#### PROVIDED DATA

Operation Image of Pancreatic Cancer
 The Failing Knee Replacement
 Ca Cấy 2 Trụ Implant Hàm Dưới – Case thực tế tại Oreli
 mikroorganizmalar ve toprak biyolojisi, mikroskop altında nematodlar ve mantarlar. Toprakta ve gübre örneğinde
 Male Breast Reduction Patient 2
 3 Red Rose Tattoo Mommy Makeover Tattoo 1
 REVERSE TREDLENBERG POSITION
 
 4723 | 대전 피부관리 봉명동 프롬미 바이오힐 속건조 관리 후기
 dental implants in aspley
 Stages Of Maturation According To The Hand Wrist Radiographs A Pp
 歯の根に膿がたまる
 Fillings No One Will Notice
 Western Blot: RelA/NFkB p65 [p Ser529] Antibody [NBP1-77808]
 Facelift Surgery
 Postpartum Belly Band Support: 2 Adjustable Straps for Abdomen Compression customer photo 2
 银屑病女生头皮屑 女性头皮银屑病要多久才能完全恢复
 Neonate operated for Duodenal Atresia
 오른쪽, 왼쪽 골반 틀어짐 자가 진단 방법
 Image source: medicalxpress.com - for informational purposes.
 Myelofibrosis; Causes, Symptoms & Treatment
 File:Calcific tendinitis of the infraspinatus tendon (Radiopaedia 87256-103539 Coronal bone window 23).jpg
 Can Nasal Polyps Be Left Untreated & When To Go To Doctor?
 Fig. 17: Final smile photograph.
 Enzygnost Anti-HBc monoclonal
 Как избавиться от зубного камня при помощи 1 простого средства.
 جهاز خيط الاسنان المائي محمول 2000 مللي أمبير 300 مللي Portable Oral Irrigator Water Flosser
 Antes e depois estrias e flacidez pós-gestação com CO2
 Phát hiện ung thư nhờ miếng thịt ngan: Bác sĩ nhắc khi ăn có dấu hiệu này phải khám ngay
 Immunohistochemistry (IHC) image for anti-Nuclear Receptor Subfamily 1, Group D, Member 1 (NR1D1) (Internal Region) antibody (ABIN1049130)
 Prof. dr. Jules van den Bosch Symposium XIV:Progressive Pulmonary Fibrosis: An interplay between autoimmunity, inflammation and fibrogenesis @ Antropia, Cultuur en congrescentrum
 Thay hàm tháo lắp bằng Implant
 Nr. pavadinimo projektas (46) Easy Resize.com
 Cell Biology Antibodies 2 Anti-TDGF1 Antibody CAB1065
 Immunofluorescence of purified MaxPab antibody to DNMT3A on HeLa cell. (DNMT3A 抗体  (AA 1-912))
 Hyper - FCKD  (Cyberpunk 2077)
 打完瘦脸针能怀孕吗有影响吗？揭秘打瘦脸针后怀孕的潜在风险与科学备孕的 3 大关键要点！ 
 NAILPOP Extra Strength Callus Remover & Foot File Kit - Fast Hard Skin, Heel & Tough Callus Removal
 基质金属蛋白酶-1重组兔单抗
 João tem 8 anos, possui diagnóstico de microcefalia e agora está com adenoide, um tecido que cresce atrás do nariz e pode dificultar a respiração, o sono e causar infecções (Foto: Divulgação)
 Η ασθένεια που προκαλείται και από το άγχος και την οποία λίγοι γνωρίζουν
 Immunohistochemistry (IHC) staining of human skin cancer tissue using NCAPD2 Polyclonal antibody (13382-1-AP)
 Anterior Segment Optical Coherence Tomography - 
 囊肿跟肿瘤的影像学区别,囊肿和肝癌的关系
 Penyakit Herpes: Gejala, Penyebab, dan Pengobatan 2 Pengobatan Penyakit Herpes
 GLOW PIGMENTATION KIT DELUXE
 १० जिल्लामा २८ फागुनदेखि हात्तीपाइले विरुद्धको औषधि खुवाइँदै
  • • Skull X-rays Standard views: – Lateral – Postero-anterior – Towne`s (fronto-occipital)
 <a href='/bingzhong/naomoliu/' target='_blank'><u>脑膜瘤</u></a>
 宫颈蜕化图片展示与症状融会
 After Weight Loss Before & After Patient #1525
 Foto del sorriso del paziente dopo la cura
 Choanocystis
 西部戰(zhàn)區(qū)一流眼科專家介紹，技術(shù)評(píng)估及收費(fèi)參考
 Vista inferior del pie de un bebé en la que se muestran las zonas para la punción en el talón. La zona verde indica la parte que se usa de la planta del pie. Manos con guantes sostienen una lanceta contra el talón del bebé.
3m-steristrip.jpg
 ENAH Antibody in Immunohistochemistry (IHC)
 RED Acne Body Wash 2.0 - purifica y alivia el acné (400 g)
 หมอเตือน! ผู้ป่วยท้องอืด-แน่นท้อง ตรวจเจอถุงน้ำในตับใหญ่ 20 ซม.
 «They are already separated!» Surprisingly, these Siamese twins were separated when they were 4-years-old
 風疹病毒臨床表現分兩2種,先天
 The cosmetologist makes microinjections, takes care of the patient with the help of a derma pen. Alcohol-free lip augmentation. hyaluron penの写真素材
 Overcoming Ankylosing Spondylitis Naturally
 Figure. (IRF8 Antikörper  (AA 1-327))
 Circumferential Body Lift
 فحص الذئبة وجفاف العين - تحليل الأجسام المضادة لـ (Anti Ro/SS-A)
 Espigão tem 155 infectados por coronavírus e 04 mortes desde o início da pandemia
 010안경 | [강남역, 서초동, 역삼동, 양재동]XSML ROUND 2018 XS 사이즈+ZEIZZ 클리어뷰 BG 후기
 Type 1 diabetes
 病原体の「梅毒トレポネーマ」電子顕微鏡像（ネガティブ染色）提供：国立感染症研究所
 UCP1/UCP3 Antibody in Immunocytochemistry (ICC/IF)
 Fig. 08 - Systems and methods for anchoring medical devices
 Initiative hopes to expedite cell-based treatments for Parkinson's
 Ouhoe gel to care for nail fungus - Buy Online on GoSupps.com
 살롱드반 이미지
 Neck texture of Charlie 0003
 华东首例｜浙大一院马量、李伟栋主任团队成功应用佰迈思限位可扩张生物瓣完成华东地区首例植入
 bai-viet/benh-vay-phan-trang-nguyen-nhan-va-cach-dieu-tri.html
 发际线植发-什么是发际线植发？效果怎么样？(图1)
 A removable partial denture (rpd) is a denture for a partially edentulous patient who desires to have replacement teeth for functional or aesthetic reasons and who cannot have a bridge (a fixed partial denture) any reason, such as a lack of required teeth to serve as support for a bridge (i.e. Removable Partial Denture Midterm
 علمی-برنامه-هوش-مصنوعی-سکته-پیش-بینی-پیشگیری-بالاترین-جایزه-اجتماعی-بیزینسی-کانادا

########

- **EXERCISE DETAILS**: Word for word, give back all of the records.

- **EXERCISE RESULT**:
Operation Image of Pancreatic Cancer
 The Failing Knee Replacement
 Ca Cấy 2 Trụ Implant Hàm Dưới – Case thực tế tại Oreli
 mikroorganizmalar ve toprak biyolojisi, mikroskop altında nematodlar ve mantarlar. Toprakta ve gübre örneğinde
 Male Breast Reduction Patient 2
 3 Red Rose Tattoo Mommy Makeover Tattoo 1
 REVERSE TREDLENBERG POSITION
 
 4723 | 대전 피부관리 봉명동 프롬미 바이오힐 속건조 관리 후기
 dental implants in aspley
 Stages Of Maturation According To The Hand Wrist Radiographs A Pp
 歯の根に膿がたまる
 Fillings No One Will Notice
 Western Blot: RelA/NFkB p65 [p Ser529] Antibody [NBP1-77808]
 Facelift Surgery
 Postpartum Belly Band Support: 2 Adjustable Straps for Abdomen Compression customer photo 2
 银屑病女生头皮屑 女性头皮银屑病要多久才能完全恢复
 Neonate operated for Duodenal Atresia
 오른쪽, 왼쪽 골반 틀어짐 자가 진단 방법
 Image source: medicalxpress.com - for informational purposes.
 Myelofibrosis; Causes, Symptoms & Treatment
 File:Calcific tendinitis of the infraspinatus tendon (Radiopaedia 87256-103539 Coronal bone window 23).jpg
 Can Nasal Polyps Be Left Untreated & When To Go To Doctor?
 Fig. 17: Final smile photograph.
 Enzygnost Anti-HBc monoclonal
 Как избавиться от зубного камня при помощи 1 простого средства.
 جهاز خيط الاسنان المائي محمول 2000 مللي أمبير 300 مللي Portable Oral Irrigator Water Flosser
 Antes e depois estrias e flacidez pós-gestação com CO2
 Phát hiện ung thư nhờ miếng thịt ngan: Bác sĩ nhắc khi ăn có dấu hiệu này phải khám ngay
 Immunohistochemistry (IHC) image for anti-Nuclear Receptor Subfamily 1, Group D, Member 1 (NR1D1) (Internal Region) antibody (ABIN1049130)
 Prof. dr. Jules van den Bosch Symposium XIV:Progressive Pulmonary Fibrosis: An interplay between autoimmunity, inflammation and fibrogenesis @ Antropia, Cultuur en congrescentrum
 Thay hàm tháo lắp bằng Implant
 Nr. pavadinimo projektas (46) Easy Resize.com
 Cell Biology Antibodies 2 Anti-TDGF1 Antibody CAB1065
 Immunofluorescence of purified MaxPab antibody to DNMT3A on HeLa cell. (DNMT3A 抗体  (AA 1-912))
 Hyper - FCKD  (Cyberpunk 2077)
 打完瘦脸针能怀孕吗有影响吗？揭秘打瘦脸针后怀孕的潜在风险与科学备孕的 3 大关键要点！ 
 NAILPOP Extra Strength Callus Remover & Foot File Kit - Fast Hard Skin, Heel & Tough Callus Removal
 基质金属蛋白酶-1重组兔单抗
 João tem 8 anos, possui diagnóstico de microcefalia e agora está com adenoide, um tecido que cresce atrás do nariz e pode dificultar a respiração, o sono e causar infecções (Foto: Divulgação)
 Η ασθένεια που προκαλείται και από το άγχος και την οποία λίγοι γνωρίζουν
 Immunohistochemistry (IHC) staining of human skin cancer tissue using NCAPD2 Polyclonal antibody (13382-1-AP)
 Anterior Segment Optical Coherence Tomography - 
 囊肿跟肿瘤的影像学区别,囊肿和肝癌的关系
 Penyakit Herpes: Gejala, Penyebab, dan Pengobatan 2 Pengobatan Penyakit Herpes
 GLOW PIGMENTATION KIT DELUXE
 १० जिल्लामा २८ फागुनदेखि हात्तीपाइले विरुद्धको औषधि खुवाइँदै
  • • Skull X-rays Standard views: – Lateral – Postero-anterior – Towne`s (fronto-occipital)
 <a href='/bingzhong/naomoliu/' target='_blank'><u>脑膜瘤</u></a>
 宫颈蜕化图片展示与症状融会
 After Weight Loss Before & After Patient #1525
 Foto del sorriso del paziente dopo la cura
 Choanocystis
 西部戰(zhàn)區(qū)一流眼科專家介紹，技術(shù)評(píng)估及收費(fèi)參考
 Vista inferior del pie de un bebé en la que se muestran las zonas para la punción en el talón. La zona verde indica la parte que se usa de la planta del pie. Manos con guantes sostienen una lanceta contra el talón del bebé.
3m-steristrip.jpg
 ENAH Antibody in Immunohistochemistry (IHC)
 RED Acne Body Wash 2.0 - purifica y alivia el acné (400 g)
 หมอเตือน! ผู้ป่วยท้องอืด-แน่นท้อง ตรวจเจอถุงน้ำในตับใหญ่ 20 ซม.
 «They are already separated!» Surprisingly, these Siamese twins were separated when they were 4-years-old
 風疹病毒臨床表現分兩2種,先天
 The cosmetologist makes microinjections, takes care of the patient with the help of a derma pen. Alcohol-free lip augmentation. hyaluron penの写真素材
 Overcoming Ankylosing Spondylitis Naturally
 Figure. (IRF8 Antikörper  (AA 1-327))
 Circumferential Body Lift
 فحص الذئبة وجفاف العين - تحليل الأجسام المضادة لـ (Anti Ro/SS-A)
 Espigão tem 155 infectados por coronavírus e 04 mortes desde o início da pandemia
 010안경 | [강남역, 서초동, 역삼동, 양재동]XSML ROUND 2018 XS 사이즈+ZEIZZ 클리어뷰 BG 후기
 Type 1 diabetes
 病原体の「梅毒トレポネーマ」電子顕微鏡像（ネガティブ染色）提供：国立感染症研究所
 UCP1/UCP3 Antibody in Immunocytochemistry (ICC/IF)
 Fig. 08 - Systems and methods for anchoring medical devices
 Initiative hopes to expedite cell-based treatments for Parkinson's
 Ouhoe gel to care for nail fungus - Buy Online on GoSupps.com
 살롱드반 이미지
 Neck texture of Charlie 0003
 华东首例｜浙大一院马量、李伟栋主任团队成功应用佰迈思限位可扩张生物瓣完成华东地区首例植入
 bai-viet/benh-vay-phan-trang-nguyen-nhan-va-cach-dieu-tri.html
 发际线植发-什么是发际线植发？效果怎么样？(图1)
 A removable partial denture (rpd) is a denture for a partially edentulous patient who desires to have replacement teeth for functional or aesthetic reasons and who cannot have a bridge (a fixed partial denture) any reason, such as a lack of required teeth to serve as support for a bridge (i.e. Removable Partial Denture Midterm
 علمی-برنامه-هوش-مصنوعی-سکته-پیش-بینی-پیشگیری-بالاترین-جایزه-اجتماعی-بیزینسی-کانادا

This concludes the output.